I don't remember all the ships and captains who were nominated. The winner (spoilers) at the end of the panel was Buck Rogers captaining the Moon Bullet from Georges Melies' 1902 short A Trip to the Moon (end spoilers). The main fun was in listening to the panellists talk shit about the ships they weren't voting for. Ashley Miller ended up being particularly funny. Everyone seemed really happy to dump on the design of the Discovery from the new Star Trek series, though someone argued that the holes in the saucer everyone else was making fun of could be used to thwart attacks when the phasers of enemy ships would pass right through them.

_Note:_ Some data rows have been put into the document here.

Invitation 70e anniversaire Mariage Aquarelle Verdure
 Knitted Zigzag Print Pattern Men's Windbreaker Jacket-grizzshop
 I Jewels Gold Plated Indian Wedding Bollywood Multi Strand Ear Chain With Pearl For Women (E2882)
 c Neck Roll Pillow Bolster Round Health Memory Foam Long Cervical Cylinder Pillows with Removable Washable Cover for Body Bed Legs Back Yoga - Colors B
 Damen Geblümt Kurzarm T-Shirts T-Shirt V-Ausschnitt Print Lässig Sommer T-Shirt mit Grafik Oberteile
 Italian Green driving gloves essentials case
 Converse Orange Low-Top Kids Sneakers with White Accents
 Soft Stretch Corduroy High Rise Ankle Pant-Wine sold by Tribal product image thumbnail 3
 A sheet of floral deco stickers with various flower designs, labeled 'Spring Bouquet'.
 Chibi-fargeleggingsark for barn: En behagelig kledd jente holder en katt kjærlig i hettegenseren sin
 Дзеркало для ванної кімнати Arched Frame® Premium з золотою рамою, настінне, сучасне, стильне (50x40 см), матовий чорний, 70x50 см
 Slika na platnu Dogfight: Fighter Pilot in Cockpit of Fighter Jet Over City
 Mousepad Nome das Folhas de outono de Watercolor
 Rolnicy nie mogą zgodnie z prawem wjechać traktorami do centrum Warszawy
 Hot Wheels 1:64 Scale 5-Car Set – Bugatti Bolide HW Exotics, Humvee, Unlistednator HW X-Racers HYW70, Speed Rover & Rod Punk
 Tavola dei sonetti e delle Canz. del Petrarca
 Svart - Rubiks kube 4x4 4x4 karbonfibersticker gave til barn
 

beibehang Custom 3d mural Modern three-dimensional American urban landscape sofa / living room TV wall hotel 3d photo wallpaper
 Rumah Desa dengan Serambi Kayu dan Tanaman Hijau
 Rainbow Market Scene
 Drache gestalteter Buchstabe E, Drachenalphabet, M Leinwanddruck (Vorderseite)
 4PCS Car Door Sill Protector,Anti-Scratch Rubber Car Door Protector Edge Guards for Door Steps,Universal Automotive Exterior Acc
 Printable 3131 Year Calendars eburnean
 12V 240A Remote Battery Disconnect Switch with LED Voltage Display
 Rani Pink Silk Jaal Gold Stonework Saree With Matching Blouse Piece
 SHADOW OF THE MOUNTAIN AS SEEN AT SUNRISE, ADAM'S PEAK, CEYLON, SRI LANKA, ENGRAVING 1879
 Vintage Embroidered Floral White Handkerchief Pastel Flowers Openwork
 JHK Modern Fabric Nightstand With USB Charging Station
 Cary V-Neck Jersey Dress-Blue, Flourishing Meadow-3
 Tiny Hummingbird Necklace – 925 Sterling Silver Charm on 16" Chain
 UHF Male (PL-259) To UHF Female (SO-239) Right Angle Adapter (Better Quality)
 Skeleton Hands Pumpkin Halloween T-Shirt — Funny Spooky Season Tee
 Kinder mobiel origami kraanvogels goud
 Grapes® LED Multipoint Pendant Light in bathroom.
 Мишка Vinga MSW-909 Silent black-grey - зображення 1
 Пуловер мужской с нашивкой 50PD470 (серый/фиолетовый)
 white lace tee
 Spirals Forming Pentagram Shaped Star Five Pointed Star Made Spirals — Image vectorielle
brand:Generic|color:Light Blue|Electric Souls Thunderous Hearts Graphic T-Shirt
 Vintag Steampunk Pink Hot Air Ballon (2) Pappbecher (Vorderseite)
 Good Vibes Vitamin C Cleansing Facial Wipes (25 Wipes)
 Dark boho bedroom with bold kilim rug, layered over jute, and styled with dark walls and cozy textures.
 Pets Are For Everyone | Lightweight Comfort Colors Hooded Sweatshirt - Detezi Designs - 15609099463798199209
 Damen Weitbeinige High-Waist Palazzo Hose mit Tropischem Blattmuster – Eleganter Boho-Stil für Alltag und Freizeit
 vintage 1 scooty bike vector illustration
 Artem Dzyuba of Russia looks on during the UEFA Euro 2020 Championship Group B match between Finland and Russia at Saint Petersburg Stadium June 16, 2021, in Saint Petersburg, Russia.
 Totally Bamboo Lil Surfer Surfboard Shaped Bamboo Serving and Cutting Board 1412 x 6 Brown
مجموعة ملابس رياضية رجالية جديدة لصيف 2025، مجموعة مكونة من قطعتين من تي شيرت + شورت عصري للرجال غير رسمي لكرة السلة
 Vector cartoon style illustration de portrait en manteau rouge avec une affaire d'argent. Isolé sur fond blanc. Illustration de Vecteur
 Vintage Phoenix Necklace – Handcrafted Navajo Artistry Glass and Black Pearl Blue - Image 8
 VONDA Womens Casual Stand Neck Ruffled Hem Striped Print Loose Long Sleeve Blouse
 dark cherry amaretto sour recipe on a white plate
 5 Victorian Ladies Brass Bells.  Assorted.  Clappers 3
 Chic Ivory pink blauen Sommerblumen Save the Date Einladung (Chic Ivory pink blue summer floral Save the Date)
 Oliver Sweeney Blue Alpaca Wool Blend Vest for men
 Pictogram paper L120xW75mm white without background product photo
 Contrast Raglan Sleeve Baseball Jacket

Kay Reindl and Jose Molina seemed like they were sincerely going to walk out on the panel when Altman questioned whether the TARDIS qualified as a starship at all--Reindl, in all sincerity, seemed to construe this as sexism, though the panel ended up assigning the TARDIS with a male captain (I forget who). Reindl and Molina seemed to misunderstand Altman when he repeatedly tried to reassure them "The TARDIS is in!" and were almost at the door before apparently remembering the meanings of the English words Altman was using. Even in this nonsense panel, politics were a sensitive issue, particularly feminism. Personally, I am really happy to see so many female protagonists, but it was clear on a lot of panels I saw that people were jumping on the bandwagon because it seemed like an easy way to score points for their mediocre shows.
Also in Room 6A this year I saw two good comedy panels. I haven't seen People of Earth but the comedic talent assembled onstage piqued my interest.
Oscar Nunez, who plays a priest on the series, was particularly funny deadpanning a completely false tease about his character exploring a physical relationship. He concluded with a completely straight faced "You're in for some surprises" while his co-stars were cracking up.
Well, I think that's about all I have to say about this year's Comic Con. Unless I remember something else in which case I'll eventually write about that too, probably.